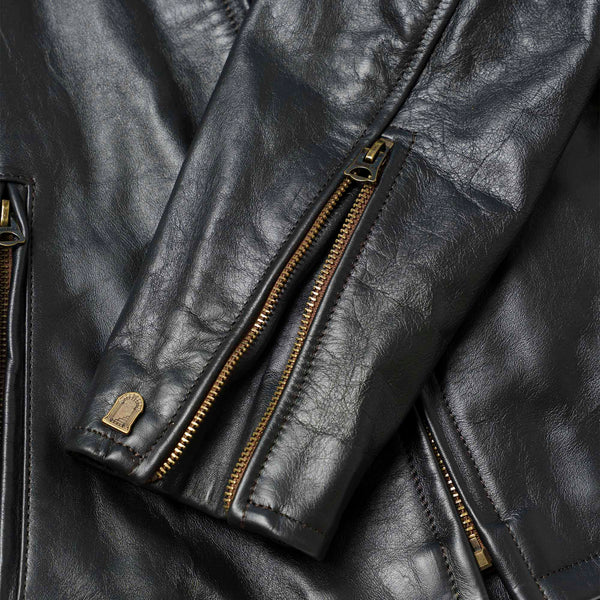 “Varenne” Fur Collar Black Leather Jacket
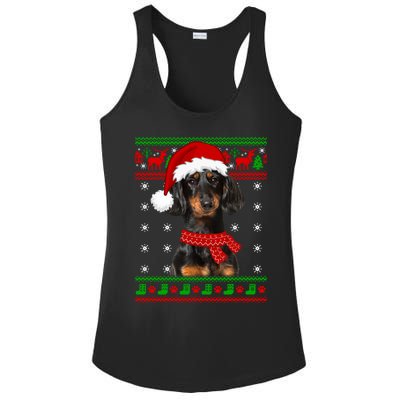 Dachshund Dog Ugly Sweater Christmas Puppy Dog Lover Great Gift Ladies PosiCharge Competitor Racerback Tank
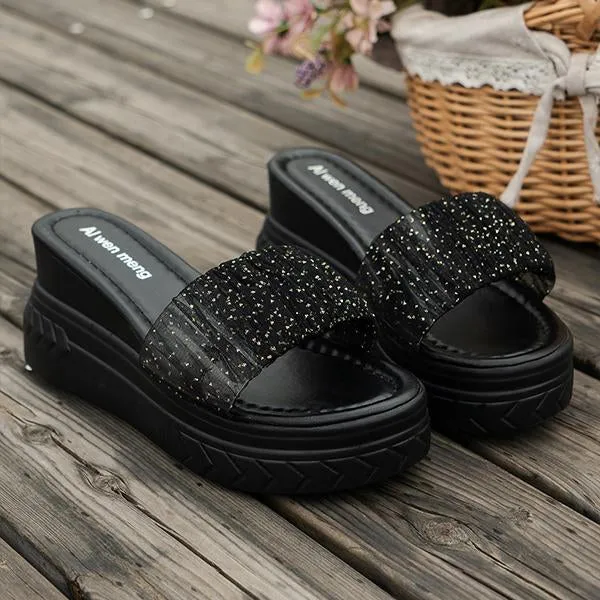 Women's Fashionable Pleated Flash Wedge Slippers 94717692S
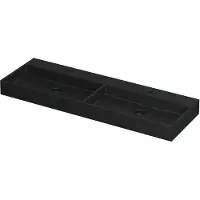 Ink Wastafel united porselein dubbel met 2 kraangaten incl. Porseleinen click plug en verborgen overloop systeem 140 cmx45 cmx11 cm mat zwart 0206154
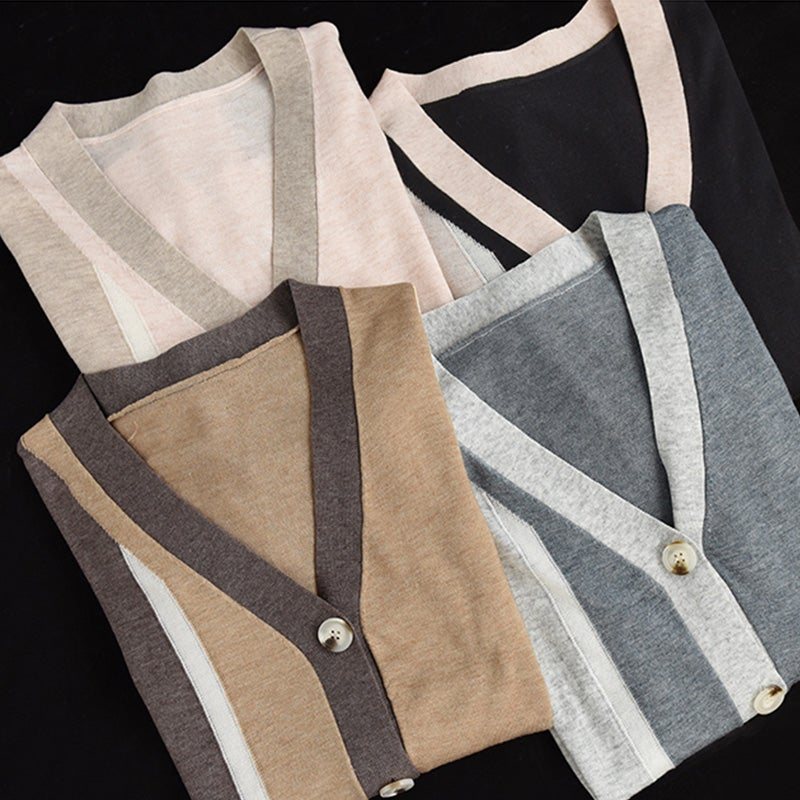 Dame Spring Retro Casual Cotton Strikket Cardigan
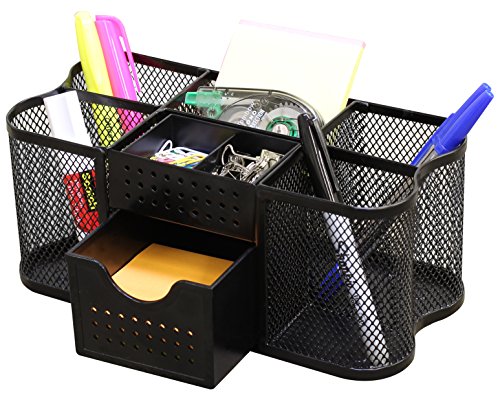 Deco Brothers Black Desk Organizer with Pen Holder and Drawer - Office Caddy
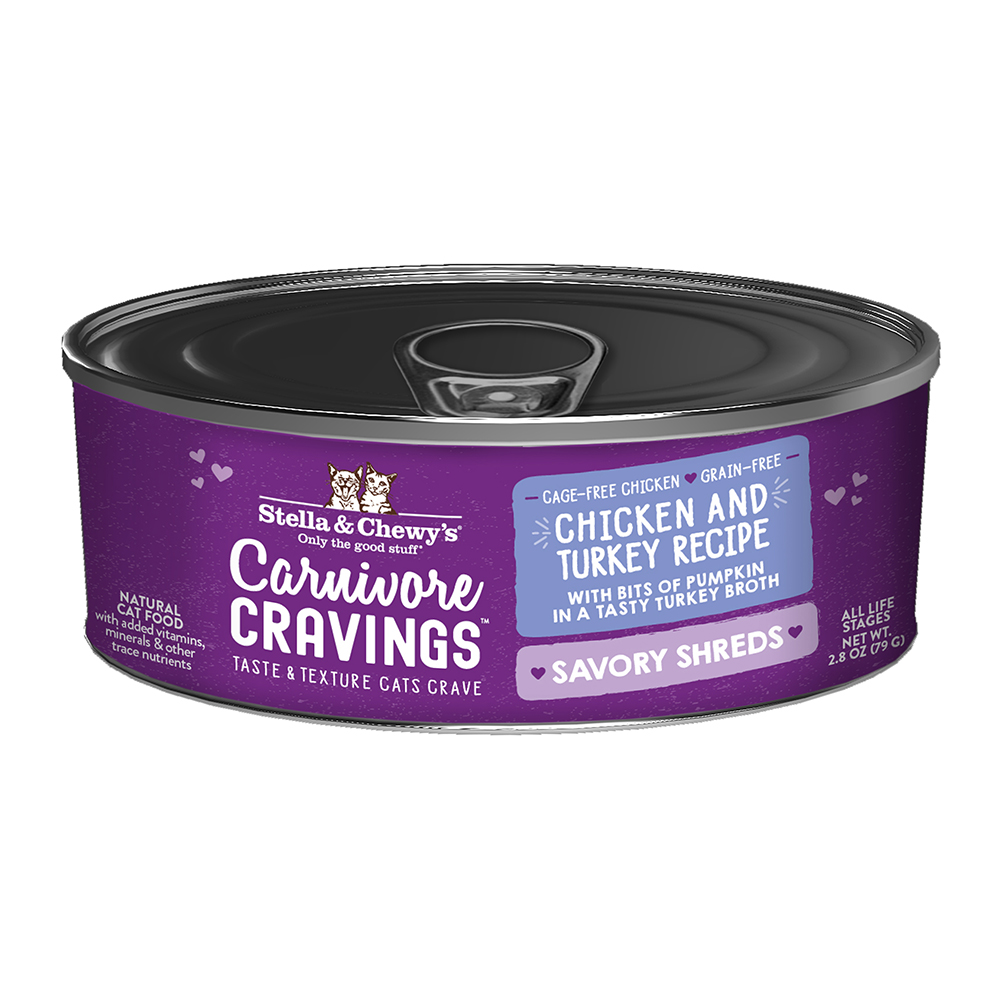 Stella & Chewy's Carnivore Cravings Chicken & Turkey Recipe Savory Shreds Canned Cat Food - Front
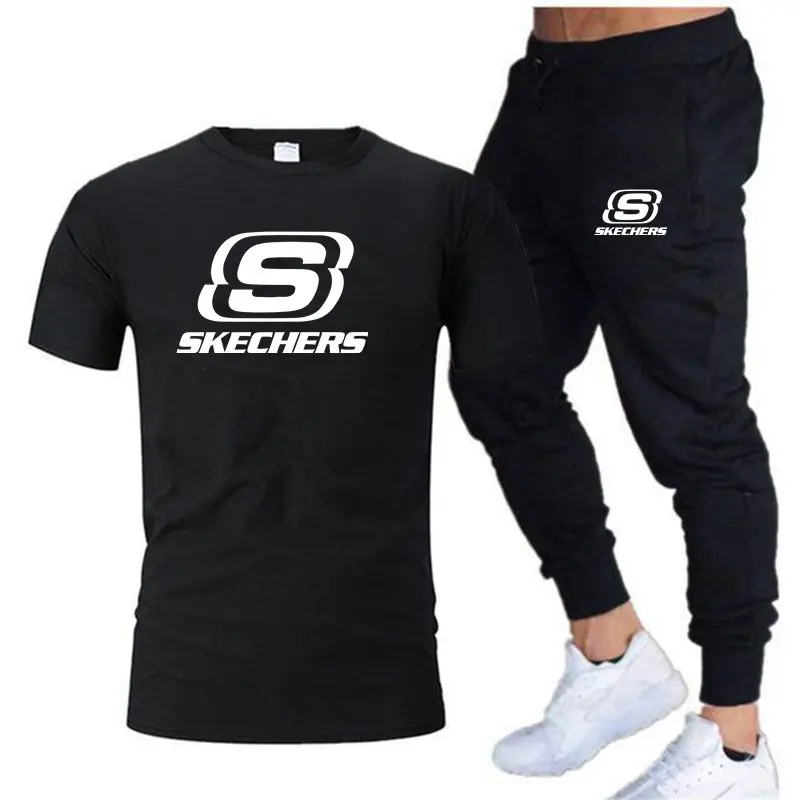 

Мужской костюм из футболки с коротким рукавом и брюк, спортивные шорты для фитнеса и бега, комплект из двух предметов, лето 2023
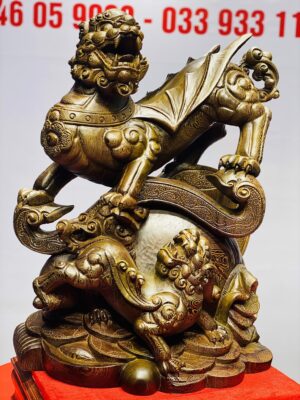 Tỳ hưu mẫu tử gỗ mun đuôi công.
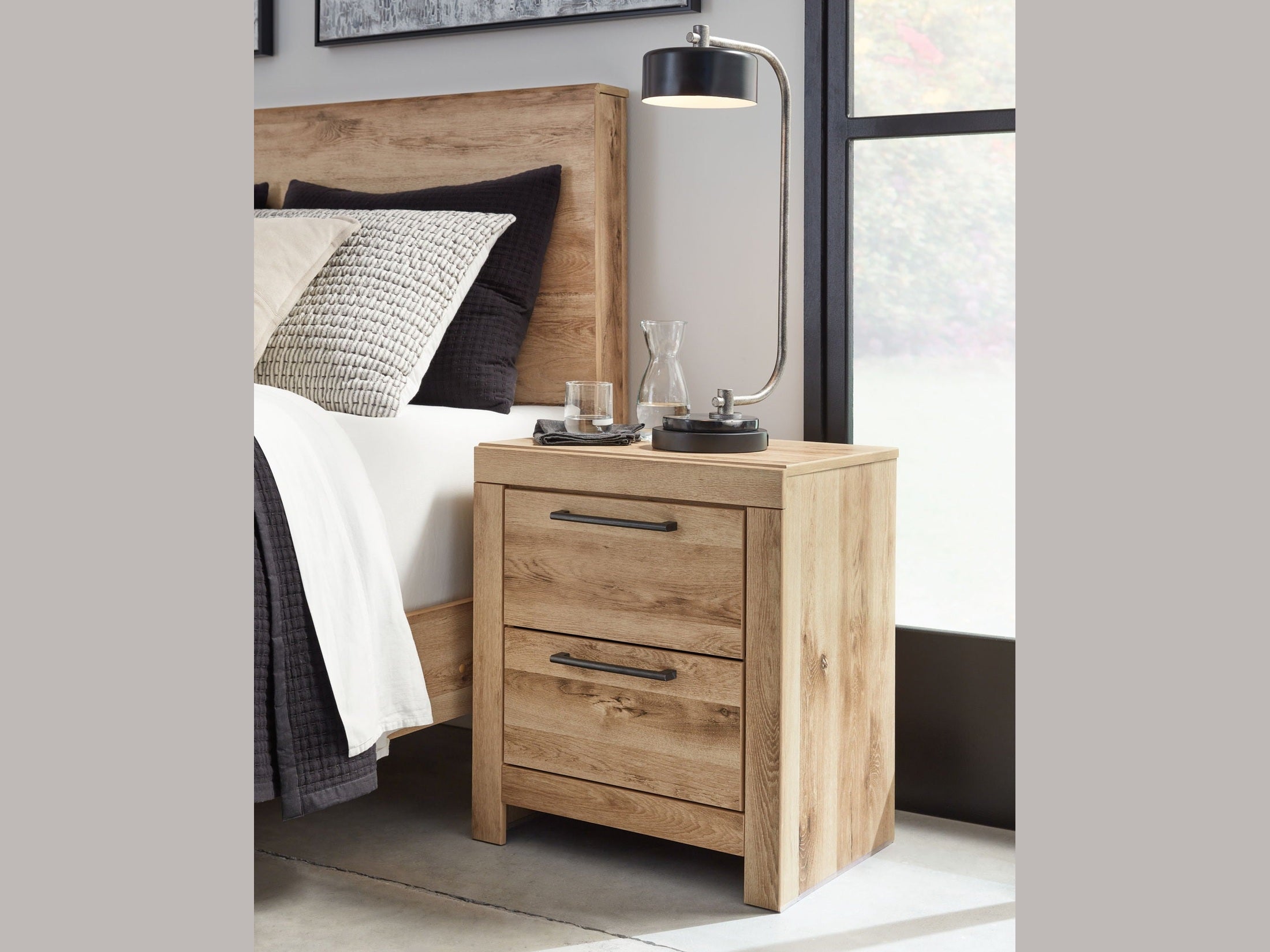 Hyanna - Two Drawer Night Stand - Tan Brown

++++++

_Work item_:
Working from the records above, set down word for word everything from the line containing "Dachshund Dog Ugly" down to the line containing "Мужской костюм из", ends included, minus the pictures.

_Solution to the exercise_:
 Dachshund Dog Ugly Sweater Christmas Puppy Dog Lover Great Gift Ladies PosiCharge Competitor Racerback Tank
 Women's Fashionable Pleated Flash Wedge Slippers 94717692S
 Ink Wastafel united porselein dubbel met 2 kraangaten incl. Porseleinen click plug en verborgen overloop systeem 140 cmx45 cmx11 cm mat zwart 0206154
 Dame Spring Retro Casual Cotton Strikket Cardigan
 Deco Brothers Black Desk Organizer with Pen Holder and Drawer - Office Caddy
 Stella & Chewy's Carnivore Cravings Chicken & Turkey Recipe Savory Shreds Canned Cat Food - Front

Мужской костюм из футболки с коротким рукавом и брюк, спортивные шорты для фитнеса и бега, комплект из двух предметов, лето 2023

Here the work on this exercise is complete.